Dendritic polymer-functionalized carbon-based materials were used as nanofillers into polymeric matrixes affording nanostructured composites that exhibit various properties such as optical transparency, improved mechanical, flame retardancy and UV-resistant properties, extremely high antibacterial behavior, etc., depending on the coating applications.2,5 Additionally, advanced polymeric nanocomposite membranes were developed to meet specific water treatment applications by tuning their structure and physicochemical properties (e.g. hydrophilicity, porosity, thermal and mechanical stability) and introducing unique functionalities (e.g. antibacterial, anti-fouling, adsorptive capabilities). Specifically, carbon-based materials modified with functional dendritic polymers were used as nanofillers into polymeric matrices, i.e. poly(vinyl alcohol) and poly(vinylidene fluoride), affording nanostructured composites suitable for water treatment that demonstrated high permeability and rejection as well as excellent mechanical, anti-fouling and anti-bacterial properties.3

SEM images of E. coli bacteria incubated on the surface of: (A) PVA membrane and (B) PVA membrane containing 0.5 % w/w oxidized carbon nanodisks decorated with guanidinylated hyperbranched polyethyleneimine derivative of 25000 Da molecular weight (oxCNDs@GPEI25K).

Selected publications

  1. M. Lykogianni, E.-A. Papadopoulou, A. Sapalidis, D. Tsiourvas, Z. Sideratou, K. A. Aliferis, Metabolomics reveals differential mechanisms of toxicity of hyperbranched poly(ethyleneimine)-derived nanoparticles to the soil-borne fungus Verticillium dahliae Kleb, Pesticide Biochemistry and Physiology, 165, 104535 (2020).

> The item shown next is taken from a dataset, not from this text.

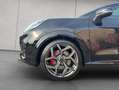 Ford Puma 1.5 EcoBoost ST X Schwarz - thumbnail 16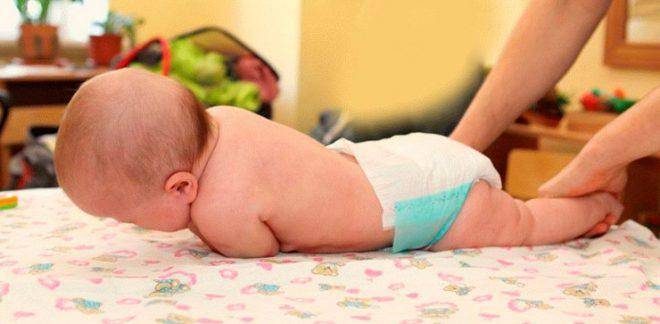 Искусственное вскармливание новорожденных. какая смесь лучше для грудного ребенка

  2. A. Sapalidis, Z. Sideratou, K.N. Panagiotaki, E. Sakellis, E.P. Kouvelos, S. Papageorgiou, F. Katsaros, Fabrication of antibacterial PVA nanocomposite films containing dendritic polymer functionalized multi-walled carbon nanotubes, Frontiers in Materials,5, Article number 11(2018). DOI: 10.3389/fmats.2018.00011.

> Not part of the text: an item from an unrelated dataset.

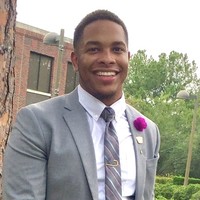 Edwin Moore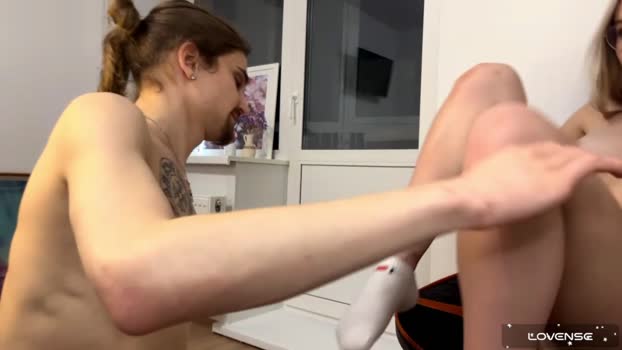 sexstar_l1fstyl3 12-02-2024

  3. M. Antoniou, A. Sapalidis, Z. Sideratou, Functionalization of Carbon-Based Additives. In: Membrane Desalination: From Nanoscale to Real World Applications. A. Sapalidis (Ed.). Boca Raton: CRC Press (2021). DOI: 10.1201/9780429020254-3.
  4. N. S. Heliopoulos, G. Kythreoti, K.M. Lyra, K.N. Panagiotaki, A. Papavasiliou, E. Sakellis, S. Papageorgiou, A. Kouloumpis, D. Gournis, F.K. Katsaros, K. Stamatakis, Z. Sideratou, Cytotoxicity effects of water-soluble multi-walled carbon nanotubes decorated with quaternized hyperbranched poly(ethyleneimine) derivatives on autotrophic and heterotrophic gram-negative bacteria. Pharmaceuticals 13, 293 (2020). DOI:10.3390/ph13100293.

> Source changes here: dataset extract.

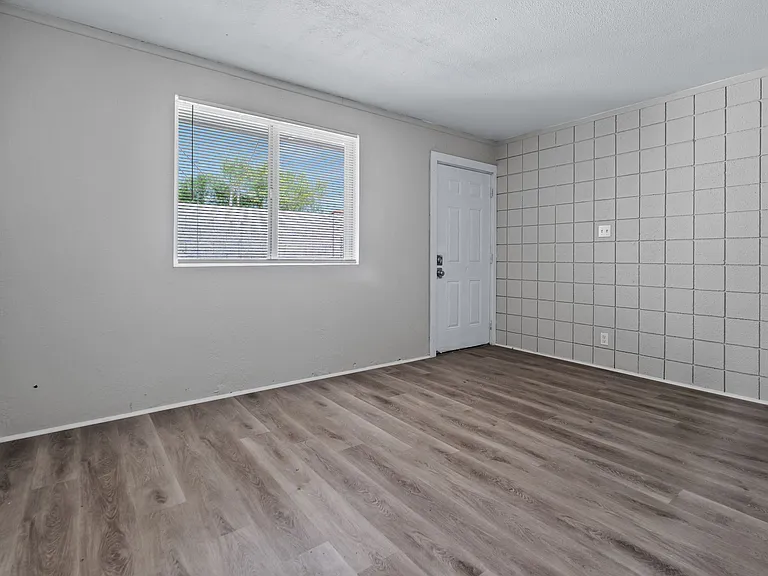 7-web-or-mls-Done-24_07012025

  5. N. S. Heliopoulos, Z. Sideratou, F. Katsaros, K. Stamatakis, S. Papageorgiou, Th. Tsoufis, “Novel Dendritic polymer-functionalized nanostructured carbon-based materials with antibacterial properties and their effect in the photosynthetic process”, Filed in Greek Patent Office, Application Number 20140100263/2-5-2014. Patent number 1008659/18-01-2016, as well as in European Patent Office, Application Number EP15001320/4-5-2015.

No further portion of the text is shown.